(Supplied material Opens)

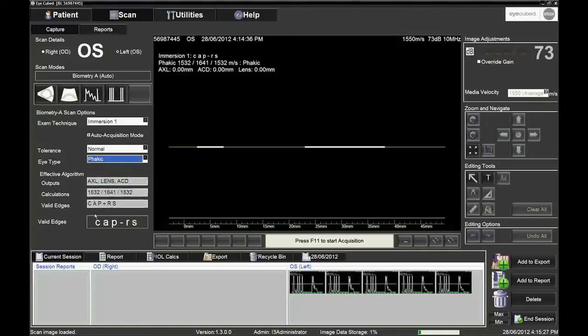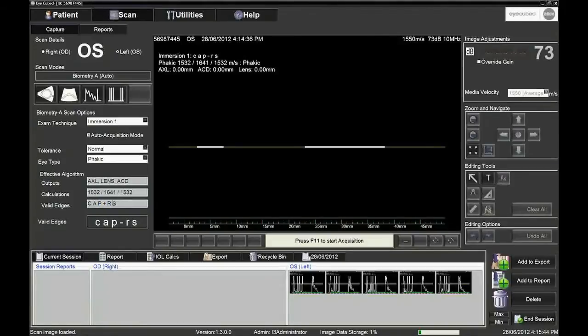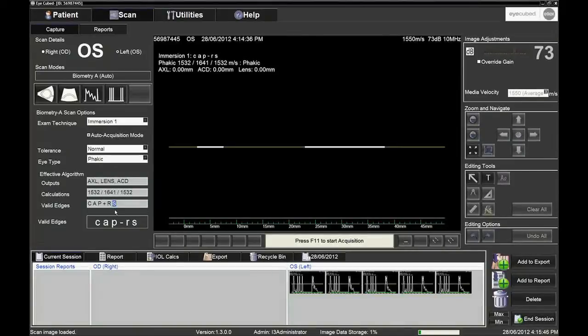In this example, the patient is phakic. The system is looking for C, the corneal spike with its two peaks corresponding to the anterior and posterior corneal surfaces. Then A or anterior lens spike, then P or posterior lens spike, then R or retinal spike and lastly S or scleral spike.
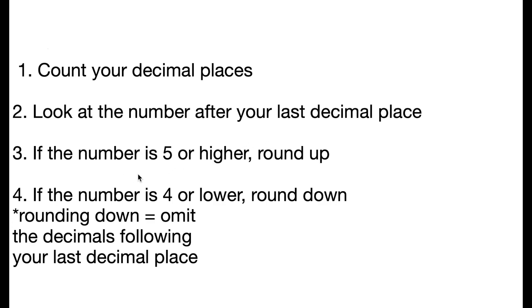If that number is 4 or lower, then you're going to round down. And by rounding down, you're not going to change any numbers to the left. You're just going to drop all of the decimals that come after your last decimal place.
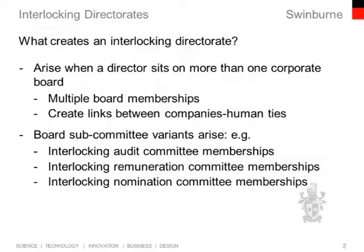One of my loves is these interlocking directorates. What on earth are they? What creates them? When somebody sits on multiple boards, as many of our directors in Australia do, it creates something called an interlocking directorate or a multiple directorship. And looking at these links between directors and companies on whose boards they sit really helps create personal level ties.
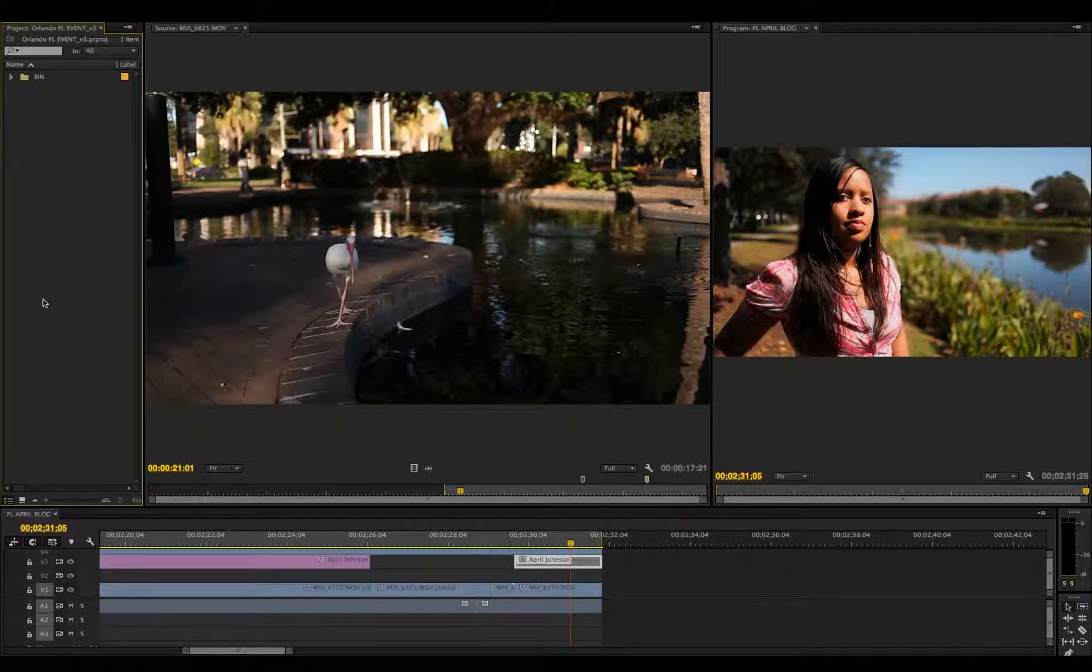Hey guys, this is John Johnson of Capture Productions Inc. Today's video is about organizing your media in Adobe Premiere CC.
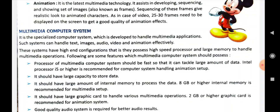These systems have high-end configurations — that is, they possess a high-speed processor and large memory to handle multimedia operations. When we talk about multimedia systems, we always talk about high-end configuration, meaning a high-speed processor as well as good storage capacity and large memory so that it can carry out multimedia operations.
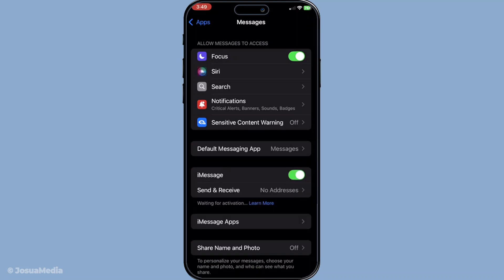Once you flip it back on, you might notice a message indicating waiting for activation. This is normal, so don't worry. Give it a minute or so to fully activate again. After a couple of minutes, try sending your message again to check if the issue is resolved.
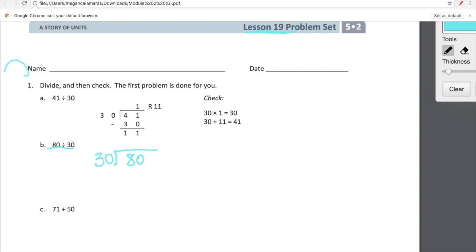So be very careful when you're setting up your problems. Use your logic to guide you and think about exactly what number are we dividing and how we are dividing that. So let's take a look at this. All we're doing here is dividing and then checking using multiplication. And you guys can see the first one was done for us.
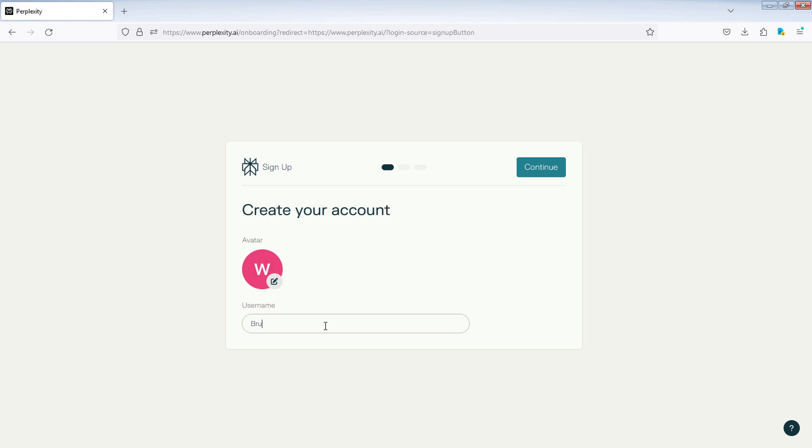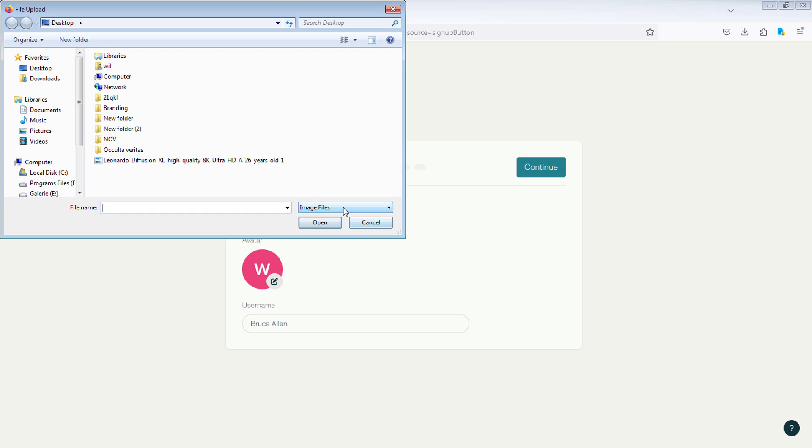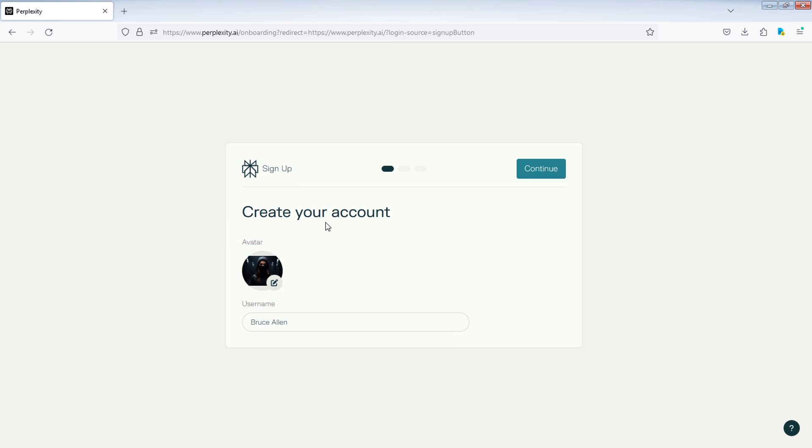Now enter your username. Click here to select an image that will be displayed as your avatar. Then click Continue.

(Supplied material Closes)

### What you need to do
Everything in the data except the pictures must appear in your answer unchanged.

### Reply
In this example, the patient is phakic. The system is looking for C, the corneal spike with its two peaks corresponding to the anterior and posterior corneal surfaces. Then A or anterior lens spike, then P or posterior lens spike, then R or retinal spike and lastly S or scleral spike.
If that number is 4 or lower, then you're going to round down. And by rounding down, you're not going to change any numbers to the left. You're just going to drop all of the decimals that come after your last decimal place.
One of my loves is these interlocking directorates. What on earth are they? What creates them? When somebody sits on multiple boards, as many of our directors in Australia do, it creates something called an interlocking directorate or a multiple directorship. And looking at these links between directors and companies on whose boards they sit really helps create personal level ties.
Hey guys, this is John Johnson of Capture Productions Inc. Today's video is about organizing your media in Adobe Premiere CC.
These systems have high-end configurations — that is, they possess a high-speed processor and large memory to handle multimedia operations. When we talk about multimedia systems, we always talk about high-end configuration, meaning a high-speed processor as well as good storage capacity and large memory so that it can carry out multimedia operations.
Once you flip it back on, you might notice a message indicating waiting for activation. This is normal, so don't worry. Give it a minute or so to fully activate again. After a couple of minutes, try sending your message again to check if the issue is resolved.
So be very careful when you're setting up your problems. Use your logic to guide you and think about exactly what number are we dividing and how we are dividing that. So let's take a look at this. All we're doing here is dividing and then checking using multiplication. And you guys can see the first one was done for us.
Now enter your username. Click here to select an image that will be displayed as your avatar. Then click Continue.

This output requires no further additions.